High Court Kerala High Court

E.S.I. Corporation vs Devaki Amma on 11 March, 2003

Kerala High Court
E.S.I. Corporation vs Devaki Amma on 11 March, 2003
Equivalent citations: I (2004) BC 422, 2003 (3) KLT 757
Author: R Basant
Bench: R Basant


ORDER

R. Basant, J.

1. Against the impugned order by which the learned Magistrate had “closed” the proceedings in a criminal complaint under Section 138 of the N.I. Act, the complainant, an Inspector of the E.S.I. Corporation, Thrissur, has preferred this revision petition.

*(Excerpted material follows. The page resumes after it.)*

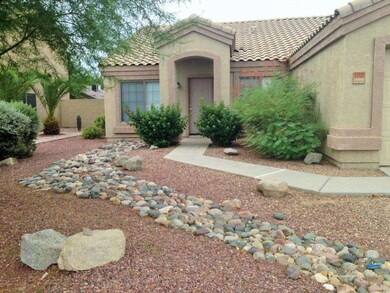 12929 W Crocus, El Mirage, AZ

2. The proceedings were initiated against the respondent/accused by the complainant/revision petitioner alleging commission of the offence punishable under Section 138 of the N.I. Act. Towards E.S.I. contribution due from the respondents-a partnership firm, its managing partner, working partner and the specified principal employer, a cheque was issued. The said cheque when presented for encashment was dishonoured by the bank on the ground that sufficient amount is not available in the account. Thereupon the complainant caused a notice of demand to be issued as insisted by law. There was no useful response. It is in these circumstances that the complainant came to court with this complaint under Section 138 of the N.I. Act.

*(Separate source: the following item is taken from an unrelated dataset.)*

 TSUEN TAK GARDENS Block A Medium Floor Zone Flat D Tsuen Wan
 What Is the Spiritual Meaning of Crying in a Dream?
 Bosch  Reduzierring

3. Cognizance was taken and proceedings were continued. The accused persons appeared through a Counsel and deposited the entire amount due under the cheque before the court. Thereupon the learned Magistrate proceeded to pass the impugned order. The learned Magistrate in the impugned order held as follows:

“Since the entire amount was deposited in court, I am satisfied that no useful purpose will be served in proceeding with the trial further. Hence case is closed. The complainant is allowed to withdraw the amount deposited in court.”

It is this order which is impugned in this Revision Petition by the complainant.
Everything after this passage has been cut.